Warfield and Komeito strategized for a minute at the car and went back into the pizza place to talk with Norio and Aoki again. Warfield asked for their help.
“I thought Ivan was not in trouble,” Norio reminded Komeito.
“He may have some information that will help in an investigation.” Komeito told Norio Warfield was from the FBI in Washington, cooperating with the Japanese government in an undercover investigation.
Norio looked at Aoki. They nodded to each other and then to Komeito and Warfield.
“Good,” Warfield said. “We need to go to the hangar. Is it necessary to use the main airport entrance?”
“No. There is an entrance for service vehicles,” Aoki said. The guards there know the Guido’s car.”
“Can you draw us a route to the hangar and a diagram of the inside?” Warfield asked.
Aoki nodded. “I will drive you there,” he said, looking to Norio for approval.
Warfield shook his head.
“You can’t get past the gate guards,” Aoki said. “Even with the car, they will look for familiar faces. They don’t ask for my I.D. any more but they stop the car and look inside. And Ivan, he knows me. He will freak if you walk in.”
Warfield had no intention of walking in like that, but Aoki had a point. “We’ll do it then. Komeito will go into the hangar with you to deliver the pizza and get the lay of everything. Say he’s your boss, riding with you today. I’ll stay out of sight in the car until you come out. Komeito and I will take it from there.”
Aoki and Norio nodded.
Warfield said, “But you need a reason to go there. Ivan will wonder why you are there if he hasn’t placed an order.”

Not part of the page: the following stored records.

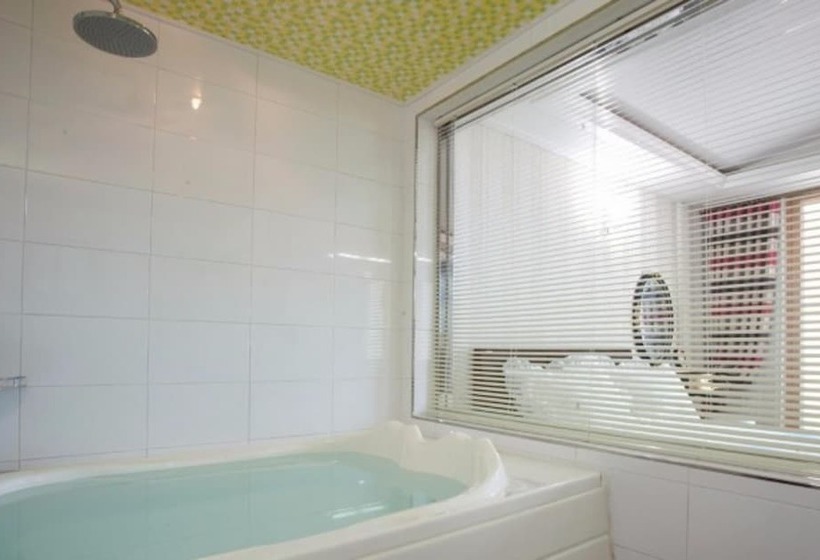 Yangyang Sea View Pension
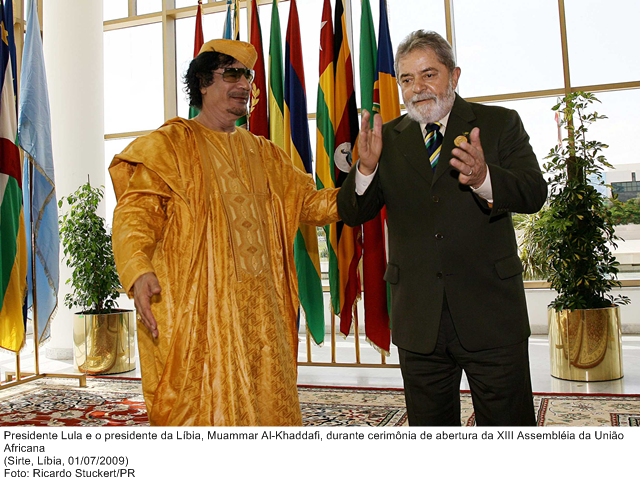 Presidente Lula e o presidente da Líbia, Muammar Al-Khaddafi, durante cerimônia de abertura da XIII Assembléia da União Africana.
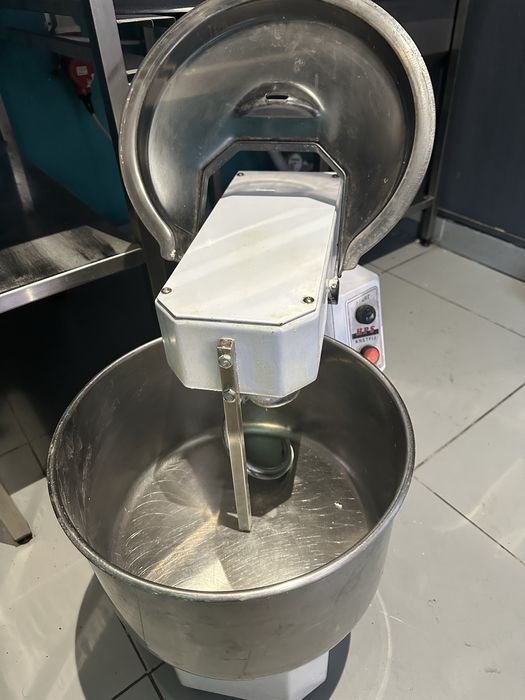 Профессиональный тестомес для пекарни и пиццерий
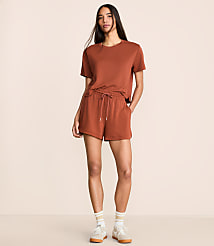 Lou & Grey Lightweight Scubasoft Rounded Hem Shorts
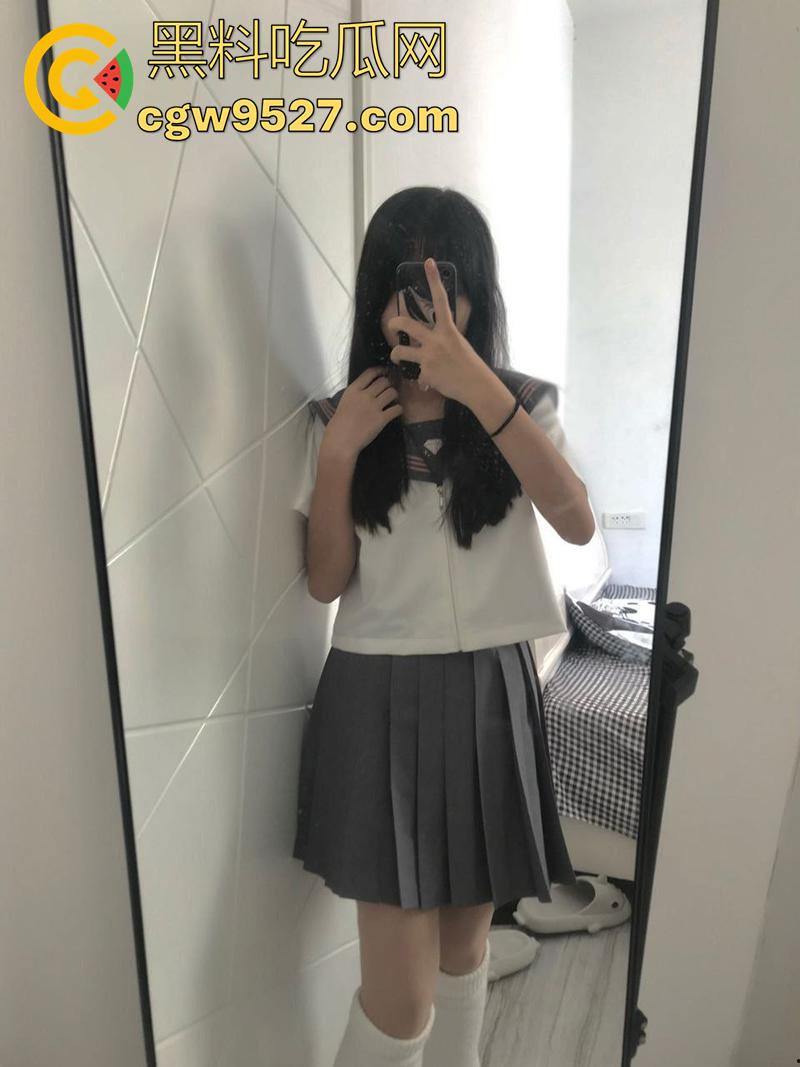 四川师范大一母狗【张露】，表面嫩妹实则暴露狂，醉酒被破处后，被调教成骚母狗，分手后视频被曝光！-5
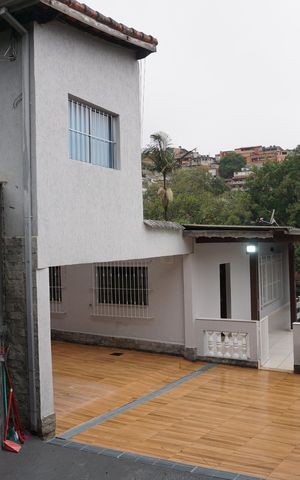 Casa para alugar com 220m², 4 quartos e 5 vagasGaragem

“I surprised him one time,” Aoki said.
Komeito went to the car and gave TK instructions to follow them to the guard gate. He was to park there and wait. When Komeito got to the delivery car, Norio handed him a green and white Guido’s Pizza shirt and hat to wear and two boxes of pizza. To save time, Norio had added beets to a sausage pizza already in the oven. Aoki got into the front with him and Warfield crawled into the back seat.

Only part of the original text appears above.